As much more of our lives are carried out online, protecting personal or corporate data from theft continues to offer opportunities for investment.
Several businesses are finding possible ways to safeguard this growing area of the economy and Enhancing digital security is a key theme across our Sustainable Future funds for many years. This theme has become ever-more important with a number of high-profile breaches recently resulting in growing concerns about how private data is managed and the new European General Data Protection Regulation coming into force on 25 May this year. This involves companies to prove they do know where information is held and who has access to it, as well as introduces stricter rules on security and processing.
From a scale perspective, it is important to note this regulation does not just apply to EU businesses but to the company holding European data – and also the penalties for non-compliance are considerable, with fines up to EUR20bn or 4% of revenue, whichever is higher.
Key requirements under GDPR: |
Increased rights for data subjects, the authority to “be forgotten” and data portability |
Software developed with security in mind |
Pseudonymisation or encryption of private data |
Secure processing of data |
Initial research from Ernst & Young suggests that 1 / 2 of relevant companies won't be fully compliant with requirements by the deadline, suggesting the regulation ought to be a catalyst for higher IT spending in Europe within the long-term.
Areas set to benefit include vulnerability management, security analytics, identity and data protection technologies, and storage software.
Although we have seen many organisations allocating additional spending to comply with GDPR, a great proportion of the money looks set to become channelled towards external advisory services, benefiting companies with greater involvement in this area. But when half of companies are not yet prepared, we believe there may be also an increase in demand for cyber security products.
Our GDPR focus is twofold: we keep looking for businesses benefiting from the Enhancing digital security trend but because most of the companies within our Funds have to adhere to the regulations, it's also become a key engagement issue.
Initial research this past year showed corporate disclosure on this issue was limited and that we continue to measure the level of preparedness among our holdings. Smaller companies with fewer resources could be at significant risk, for example, given the potential fines and lack of consumer trust.

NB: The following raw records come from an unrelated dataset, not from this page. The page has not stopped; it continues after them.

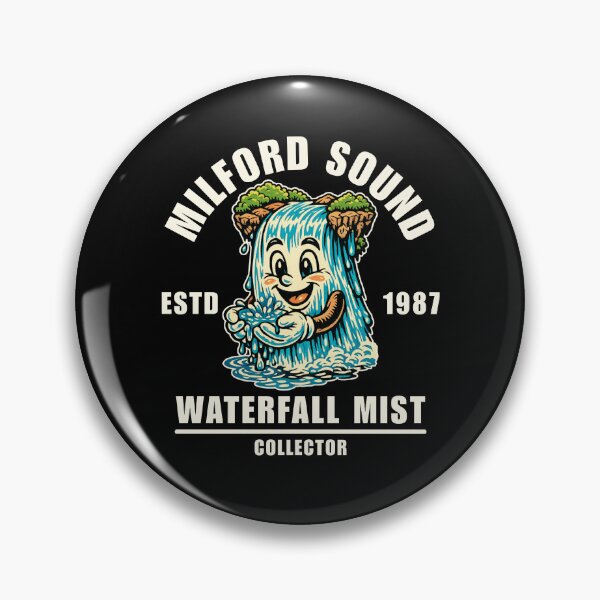 Item preview, Waterfall mist designed and sold by Peerless-Prime.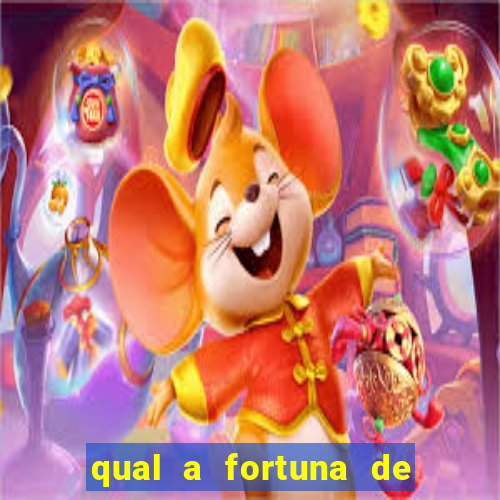 qual a fortuna de eduardo costa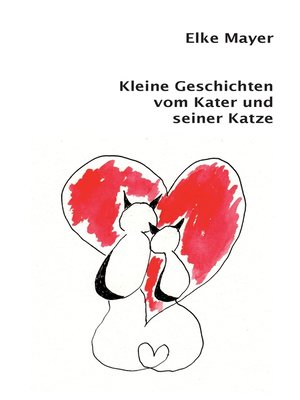 cover image of Kleine Geschichten vom Kater und seiner Katze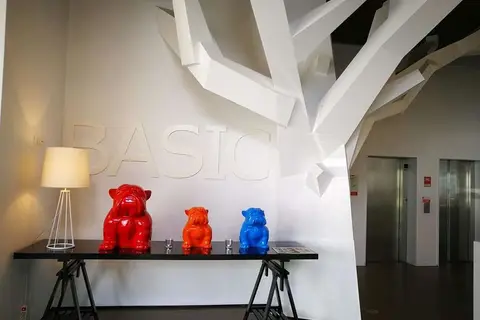 Basic Braga by Axis in Braga — foto 15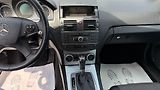 Mercedes-Benz Třídy C (2010) C200CGI 135kW *A/T*Xenon*ALU* - náhled 13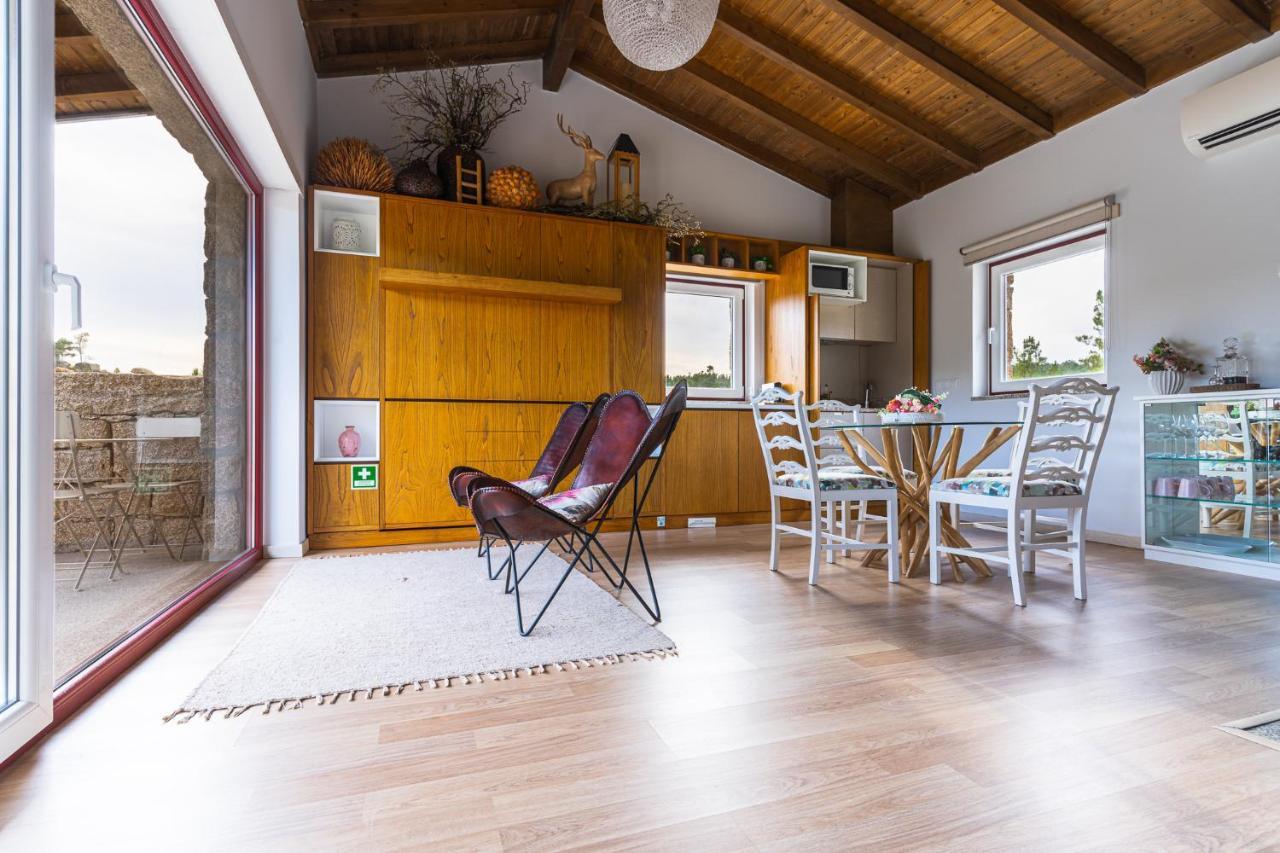 Farm stay Moinho Da Lapa
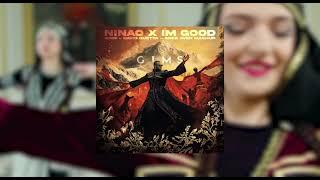 GIMS x David Guetta - NINAO x I'm Good (Greg Aven Mashup)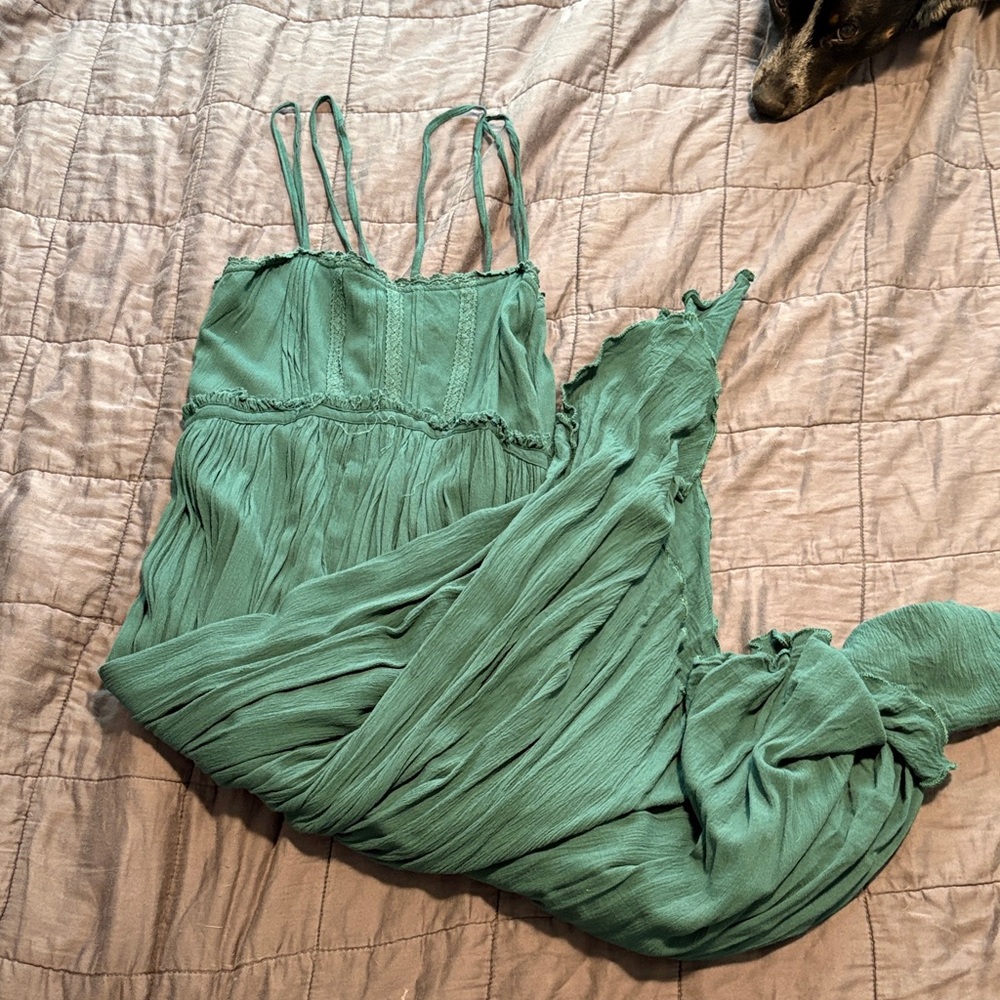 Joyfolie midi dress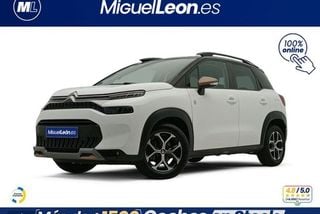 Citroen C3 Aircross PureTech 81kW (110CV) S&S C-Series - Foto 1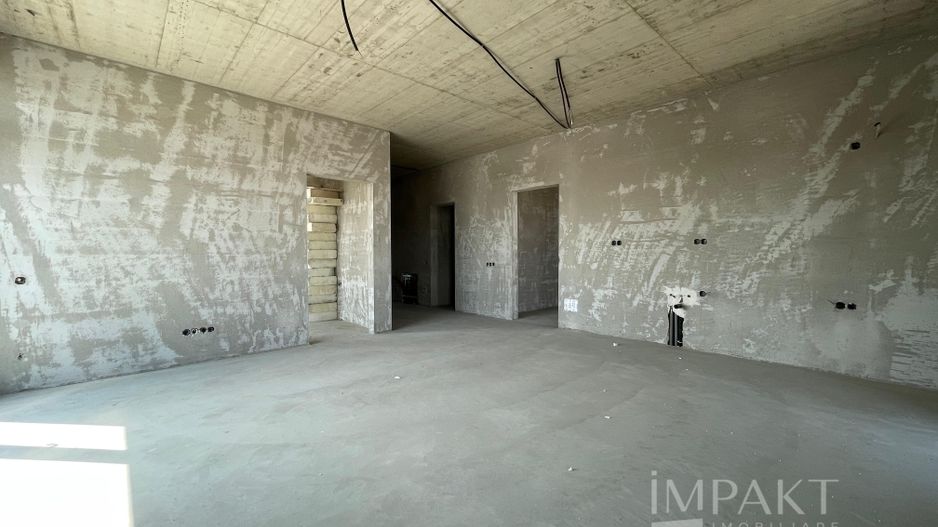 Imobil Mixt spre inchiriere in Sannicoara! - Poză 11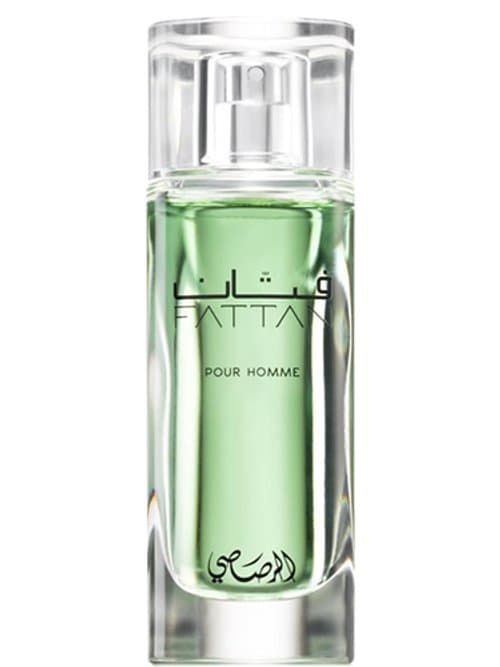 Fattan Pour Homme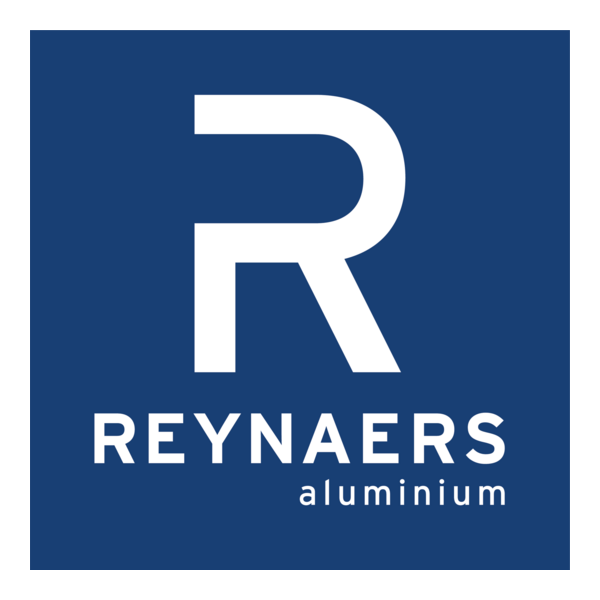 REYNAERS ALUMINIUM Logo PNG Vector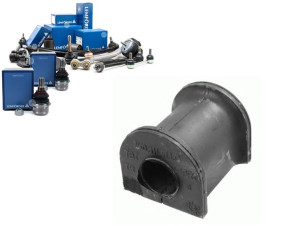 Guma Stabilizatora Vw Tył Caddy Wew. 04- 19mm Lemf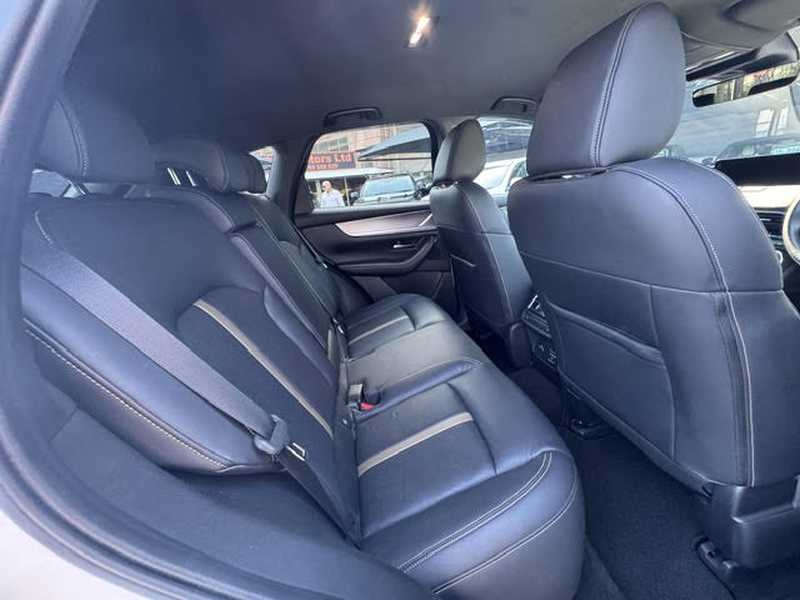 2023 Mazda CX-60 3,3L 2023 Cyprus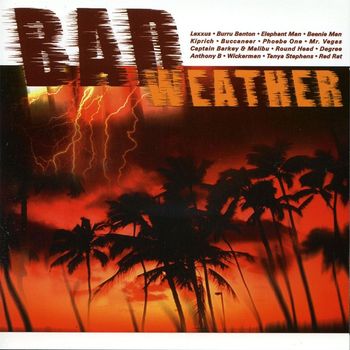 Various Artists - Bad Weather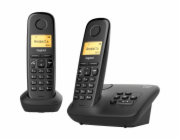 Gigaset A270 A Duo  black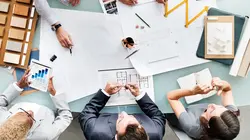 Immigrants de souche Olga, la déterminée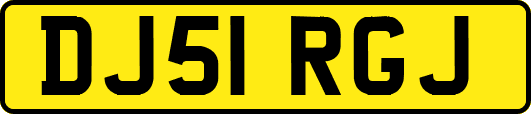 DJ51RGJ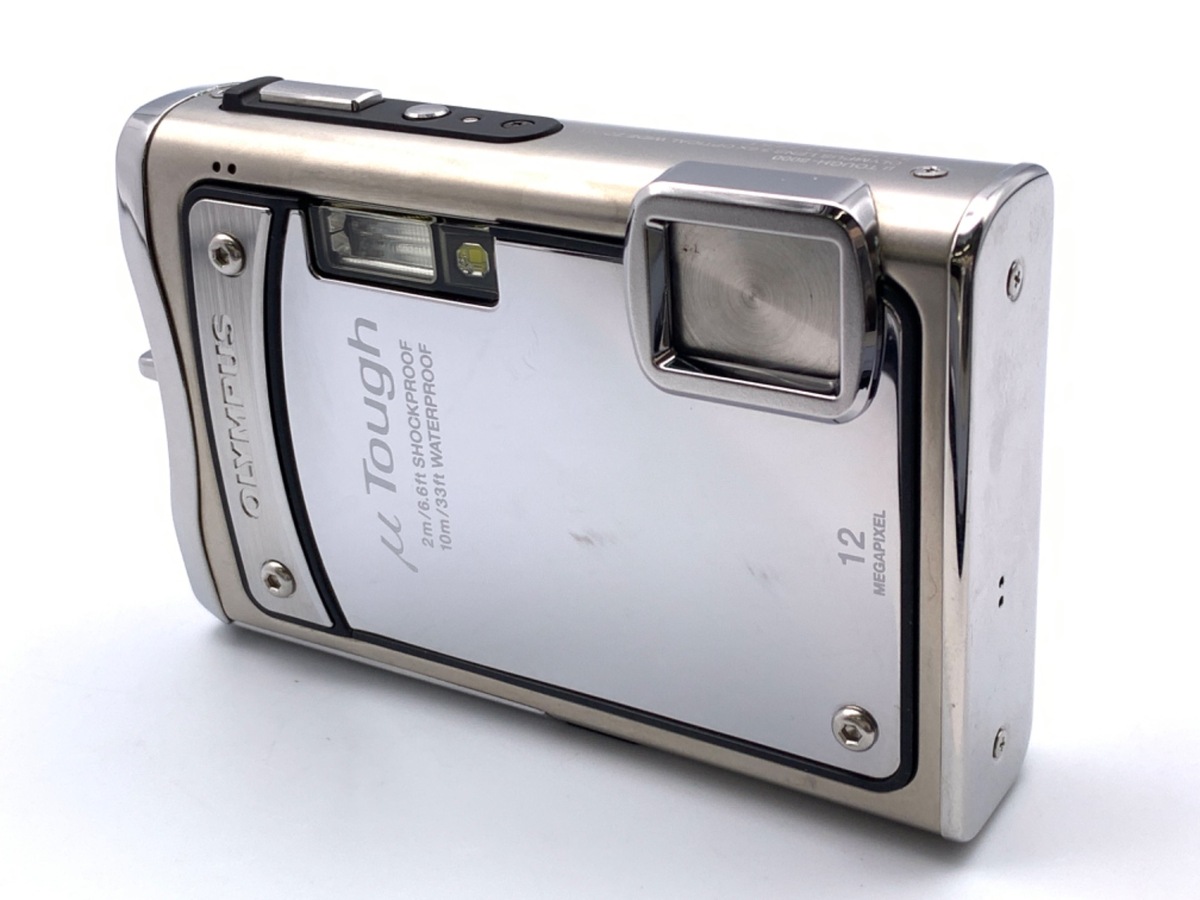 価格.com - オリンパス OLYMPUS STYLUS TG-2 Tough 価格比較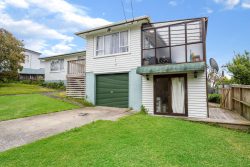 17 Trinidad Street, Blockhouse Bay, Auckland, 0600, New Zealand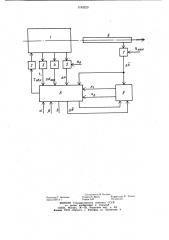 Способ автоматического управления прокаткой труб в обкатном стане (патент 1183220)
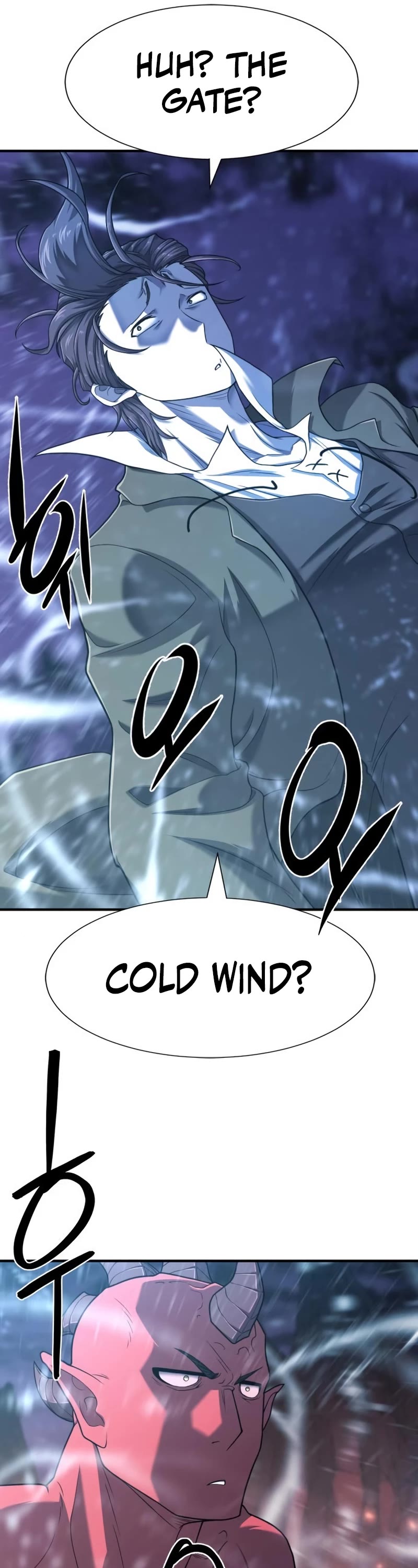 The Greatest Estate Developer Chapter 118 page 11 - Chapter 118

In charge as much as the GDPR deadline, we've been investigating other opportunities one of the growing number of companies innovating in the digital security space. This spans a broad range of businesses, involving analysis of vendors, master data management companies and larger systems integrators and consultants with a high percentage of revenues coming from products exposed to digital security growth.
Current holdings with exposure to this include pure-play security software providers for example Sophos in the united kingdom and Splunk in the US.
Sophos provides it security and knowledge protection products, offering protection against viruses, malware, spyware, intrusions, unwanted applications, spam, policy abuse and data leakage. Splunk develops web-based application software that collects and analyses data generated by websites, applications, servers, networks and cellular devices and it is products can be used alongside traditional digital security products to better assess threats, incidents and responses.